In the event that an animal or aquatic farmer violates Paragraph 4 of Article 3-1, Paragraph 3 of Article 26, Article 32 or Paragraph 2 or 3 of Article 32-3, he or she shall be sentenced to a fine of no less than NTD30,000 and no more than NTD150,000. In the case of violation against Paragraph 1 of Article 32-3, the offender shall be sentenced to a fine of no less than NTD60,000 and no more than NTD300,000.
If the offender re-violates Paragraph 1 of Article 32-3 within one year, the offender shall be sentenced to a fine of no less than NTD500,000 and no more than NTD2,500,000.
Whoever commits the violation set forth in the two preceding paragraphs causing harm to human health shall be imprisoned for no more than seven years or, in addition thereto, a fine of no more than NTD10,000,000.
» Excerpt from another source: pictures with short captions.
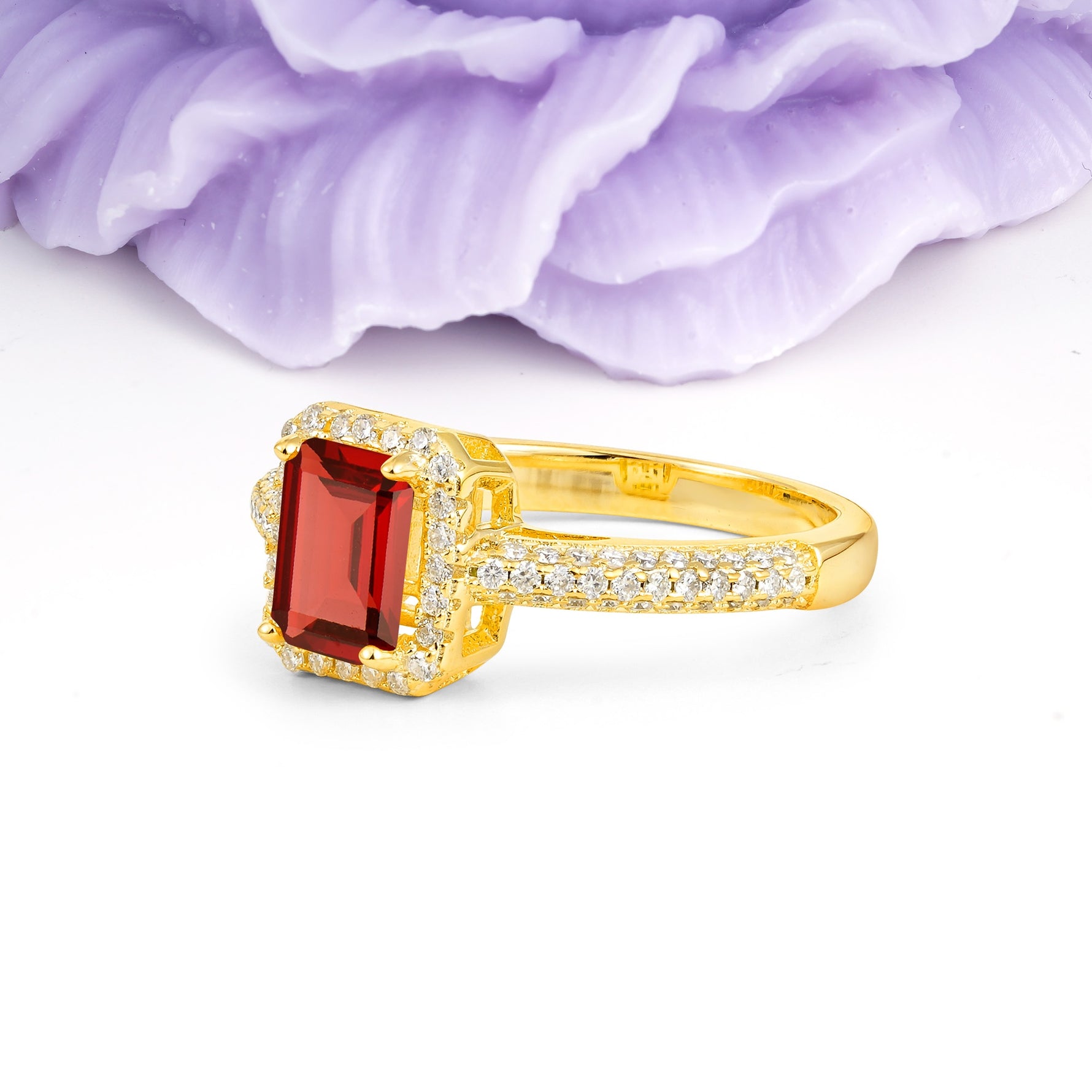 Luxurious Vintage 4 Prong Emerald Cut Garnet Engagement Ring - Additional view
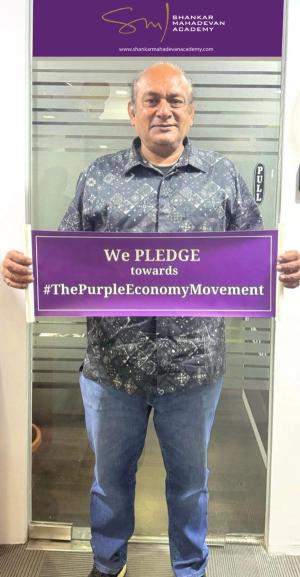 Sridhar Ranganathan, CEO of Shankar Mahadevan Academy with the pledge
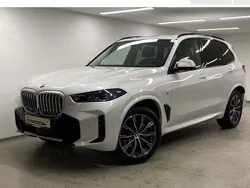 Mineralweiß Gebraucht 2024 BMW X5 M Sport SUV | 84.450 € (Guter Preis)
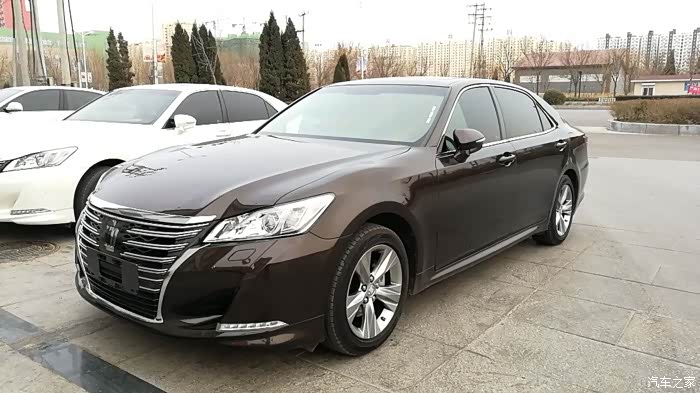 大家知道哪能买到15款v6标准版的皇冠,最低大概多少万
The competent authority shall publicize the name and address of the enterprise, the name of the responsible person and the facts surrounding the violation in the case of the preceding three paragraphs.
Whoever/whichever evades, hinders or refuses, or is unwilling to provide the information in relation to the source of a veterinary drug which is in violation of Paragraph 4 of Article 26 of this Act shall be sentenced to a fine of no less than NTD30,000 and no more than NTD150,000.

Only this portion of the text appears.